| PROBLEM REQUIREMENTS |
Under this line are records; the part from the line containing "5 best wedding destinations in India" through the line containing "de thi hk2 mon" should be repeated exactly. Please exclude pictures.

| DATA FOR THIS TASK |
===

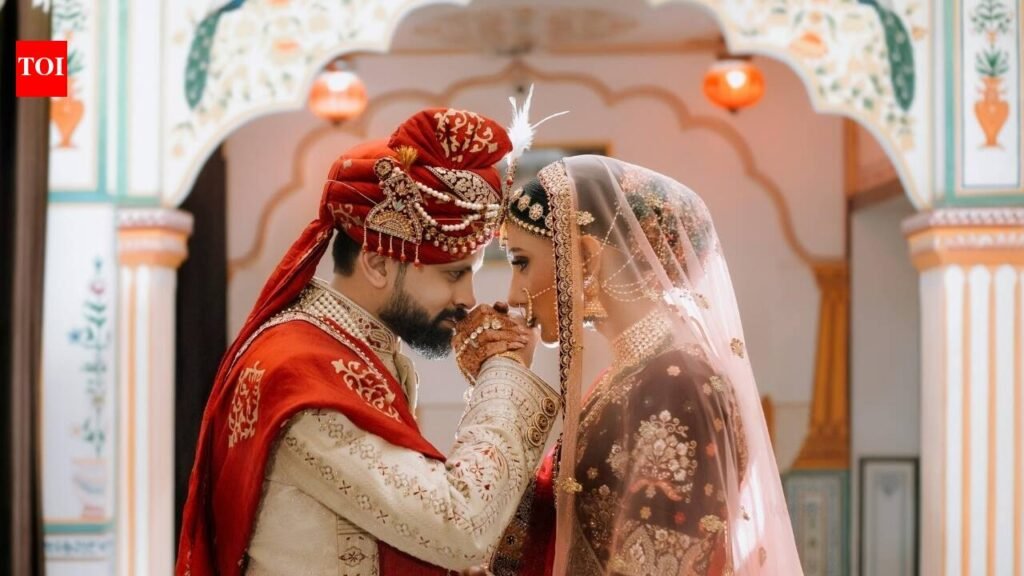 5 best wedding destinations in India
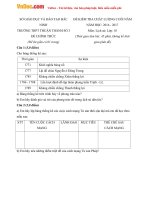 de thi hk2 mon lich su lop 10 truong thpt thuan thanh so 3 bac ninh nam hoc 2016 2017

===

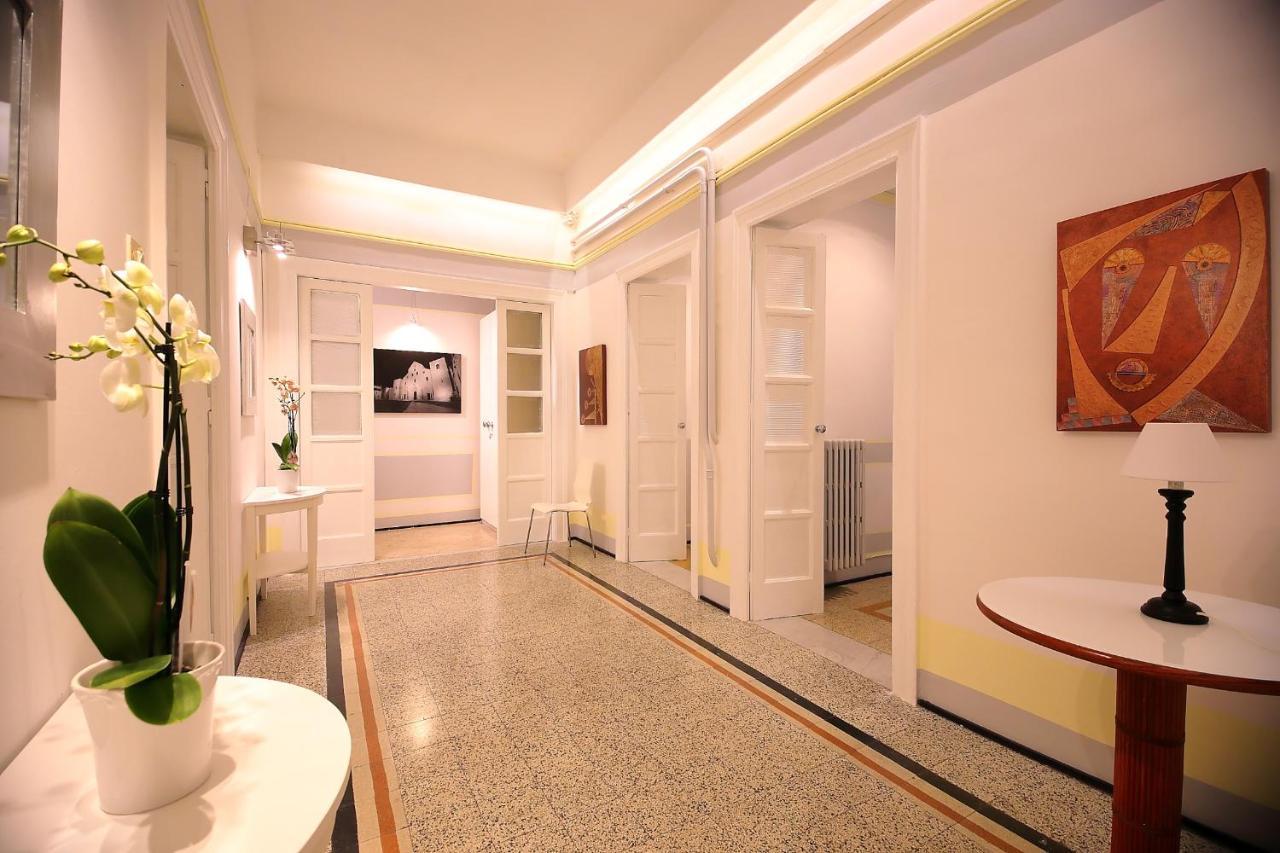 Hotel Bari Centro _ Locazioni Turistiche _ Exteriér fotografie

===

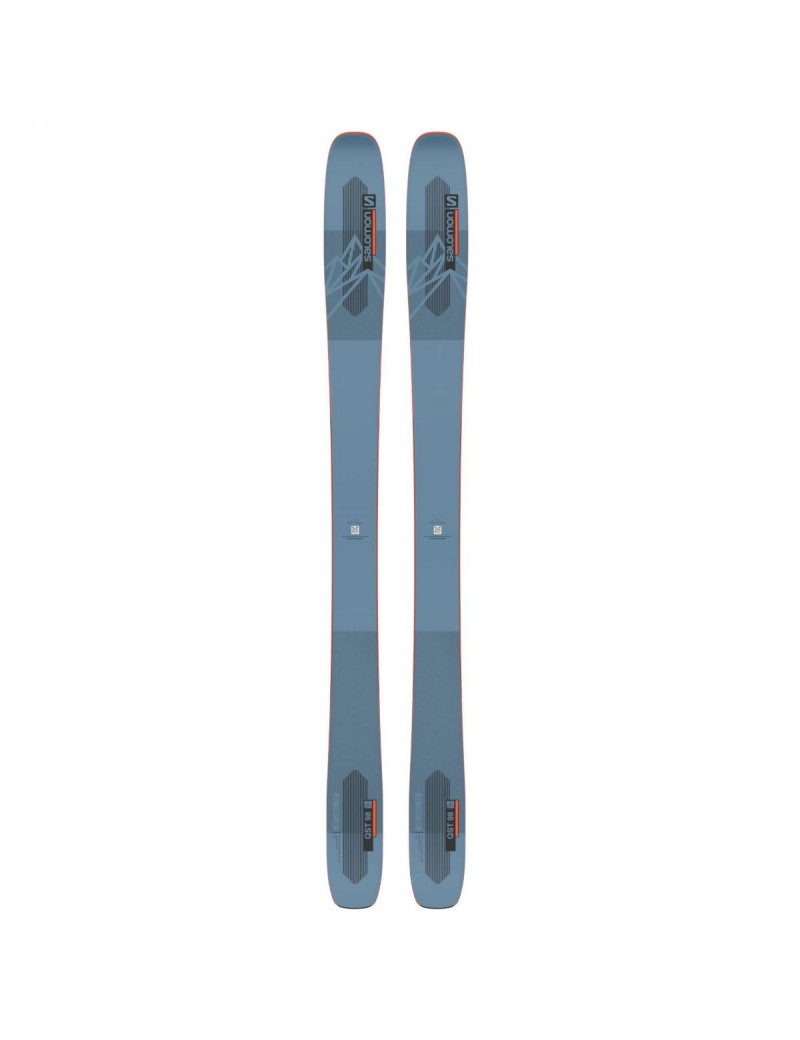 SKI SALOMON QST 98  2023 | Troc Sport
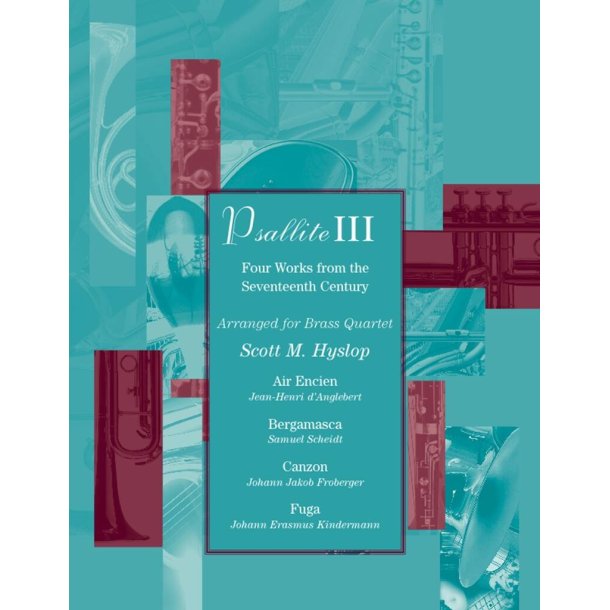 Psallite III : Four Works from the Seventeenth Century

===

| ANSWER BELOW |
 5 best wedding destinations in India
 de thi hk2 mon lich su lop 10 truong thpt thuan thanh so 3 bac ninh nam hoc 2016 2017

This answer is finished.